Austin Dacey, thanks so much for having me. DJ Grothe. 

Congratulations on the book, Austin. We’ve worked together for years. I’ve known that you’ve had this kind of controversial view. It’s not a view that a lot of other secularists share. This book is making quite a splash out there. Not only is it being praised big time by some secularists like Sam Harris, but also by conservative religious thinkers who’ve been fighting secularism for decades. Maybe we’ll get to that later in the discussion. But to start off, Austin, you begin your book by arguing that secularism has lost its soul. You’re basically saying that secularism, secular liberals, have lost their sense of moral direction. 

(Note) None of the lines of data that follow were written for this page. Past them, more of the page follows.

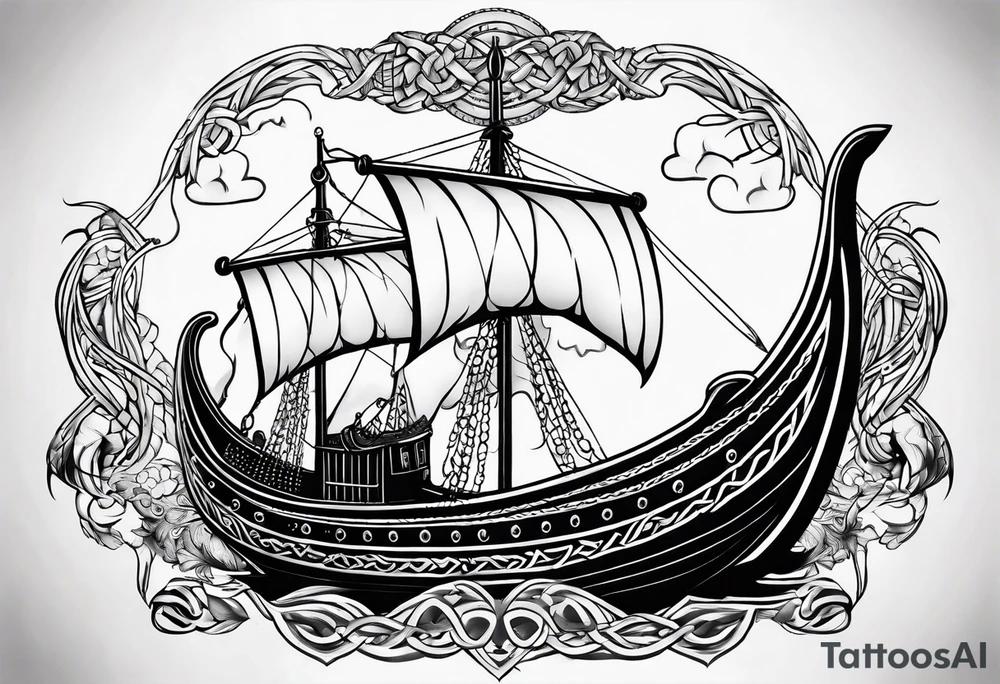 viking ship fenrir tattoo idea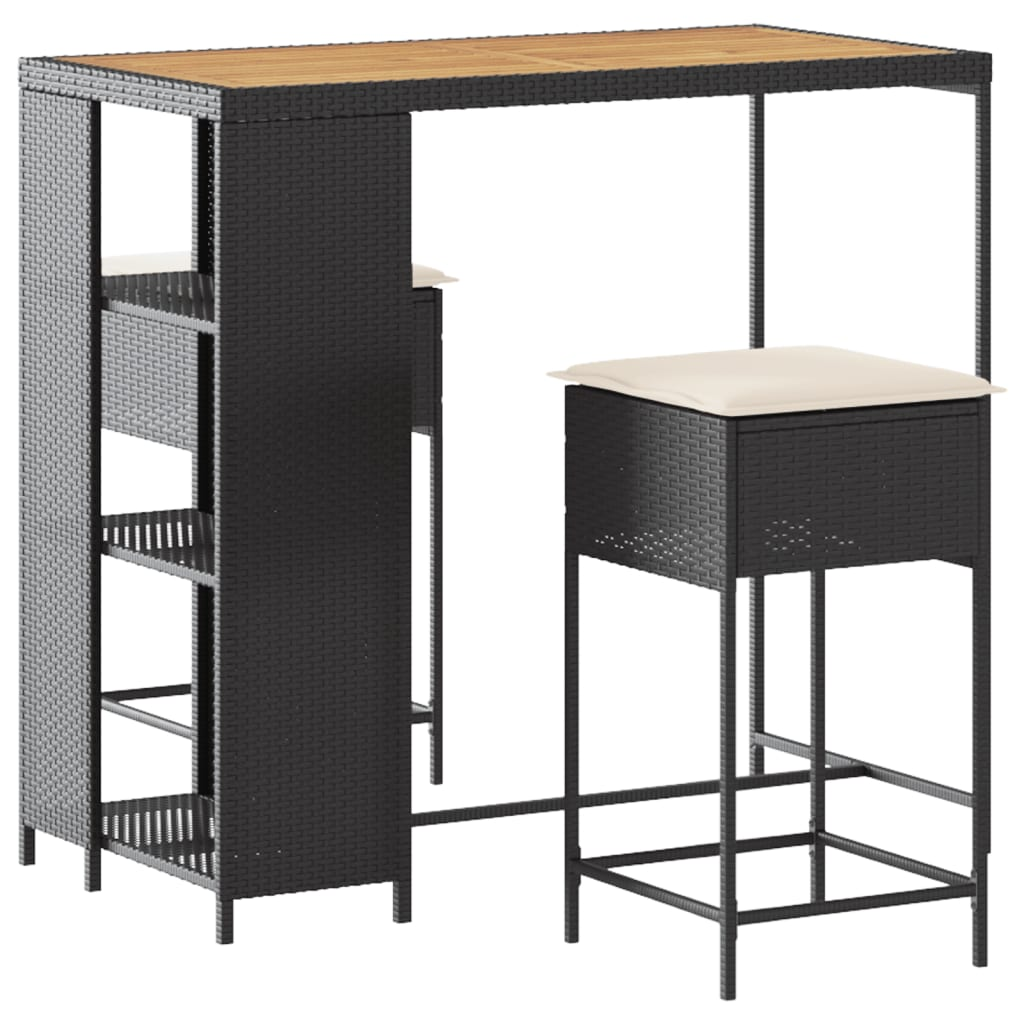 3 részes fekete polyrattan kerti bárszett párnával (3261496)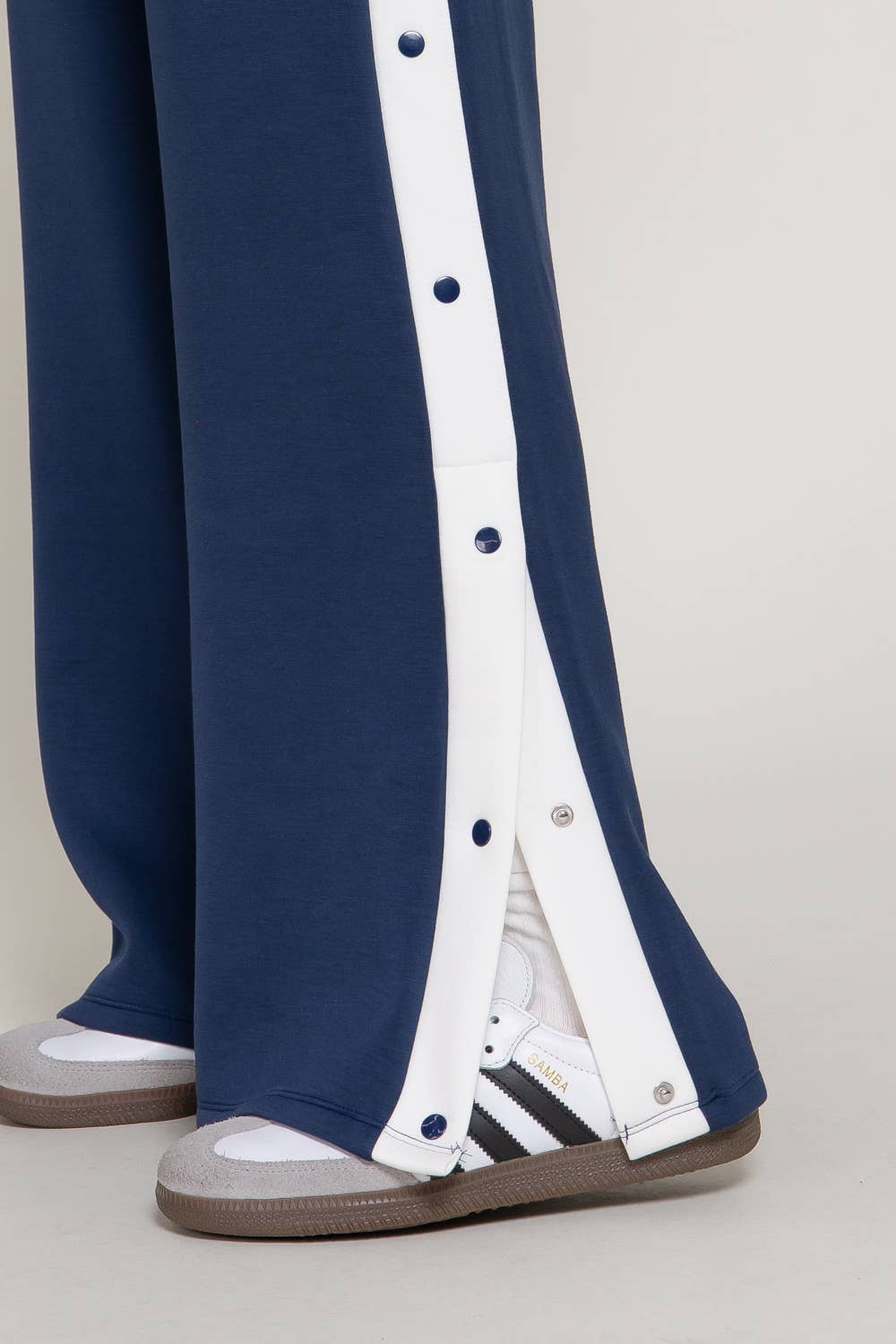 Soft Modal Scuba Side Contrasting Panels Straight Pants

Yes, I argue that secular values like individual autonomy, separation of religion and state self-criticism are under assault from from Rome to Tehran to Washington. And almost nowhere are secular liberals defending them. The religious claim, a monopoly on morality and secular liberals stand accused of standing for nothing. Now here by a secular liberal and I consider myself one. I don’t necessarily mean an atheist or agnostic, but anyone for whom gods and religion make little difference who puts the here before the hereafter and the freedom of the individual morally prior to the good of the group. So I say far too many secular liberals today are afraid to talk about religion or to use the language of virtue and vice. Good and evil. Sin and redemption. And so we have abandoned the field of morality to the religious, the heart and soul of the very idea of the secular open society. I say is conscience, and that is what we have lost. 

I see your point that secularism has lost its soul when you talk in the book about how secular liberals failed to speak out about the big Muslim cartoon controversy. But might they’re not speaking out just be a function of secular rebels having a different set of morals that refuses to stand up for free speech? Maybe. But because of their respect, maybe to a fault of multiculturalism, the rights of Muslims to never be offended.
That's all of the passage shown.